= Your task =
Look through the material below. Return exactly the lines from the one with "vidaXL Beistellschrank 35x25x57 cm Massivholz Paulownia vidaXL" through the one with "Utkrisht Khadi Fenugreek", both included.
*** Opening of Listed records ***
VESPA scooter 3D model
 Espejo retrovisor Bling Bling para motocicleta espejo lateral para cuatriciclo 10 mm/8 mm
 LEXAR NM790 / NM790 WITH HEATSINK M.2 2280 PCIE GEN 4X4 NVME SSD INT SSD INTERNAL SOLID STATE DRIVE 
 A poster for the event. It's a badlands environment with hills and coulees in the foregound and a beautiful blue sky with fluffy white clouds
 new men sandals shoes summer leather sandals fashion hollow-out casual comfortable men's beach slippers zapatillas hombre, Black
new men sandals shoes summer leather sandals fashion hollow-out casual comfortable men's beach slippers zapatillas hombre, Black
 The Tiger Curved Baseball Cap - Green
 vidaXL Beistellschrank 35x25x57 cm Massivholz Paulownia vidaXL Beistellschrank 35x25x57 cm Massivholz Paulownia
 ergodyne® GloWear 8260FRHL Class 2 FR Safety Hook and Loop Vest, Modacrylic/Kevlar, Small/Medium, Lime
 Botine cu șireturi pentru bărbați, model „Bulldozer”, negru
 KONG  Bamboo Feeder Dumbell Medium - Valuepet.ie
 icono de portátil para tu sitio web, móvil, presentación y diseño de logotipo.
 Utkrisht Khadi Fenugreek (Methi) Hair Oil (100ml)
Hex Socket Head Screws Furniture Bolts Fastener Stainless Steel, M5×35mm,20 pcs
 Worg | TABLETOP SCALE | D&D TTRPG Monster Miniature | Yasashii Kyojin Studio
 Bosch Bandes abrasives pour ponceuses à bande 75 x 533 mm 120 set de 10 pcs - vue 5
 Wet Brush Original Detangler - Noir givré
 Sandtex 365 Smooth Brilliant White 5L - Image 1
*** Close of Listed records ***
= Exercise result =
 vidaXL Beistellschrank 35x25x57 cm Massivholz Paulownia vidaXL Beistellschrank 35x25x57 cm Massivholz Paulownia
 ergodyne® GloWear 8260FRHL Class 2 FR Safety Hook and Loop Vest, Modacrylic/Kevlar, Small/Medium, Lime
 Botine cu șireturi pentru bărbați, model „Bulldozer”, negru
 KONG  Bamboo Feeder Dumbell Medium - Valuepet.ie
 icono de portátil para tu sitio web, móvil, presentación y diseño de logotipo.
 Utkrisht Khadi Fenugreek (Methi) Hair Oil (100ml)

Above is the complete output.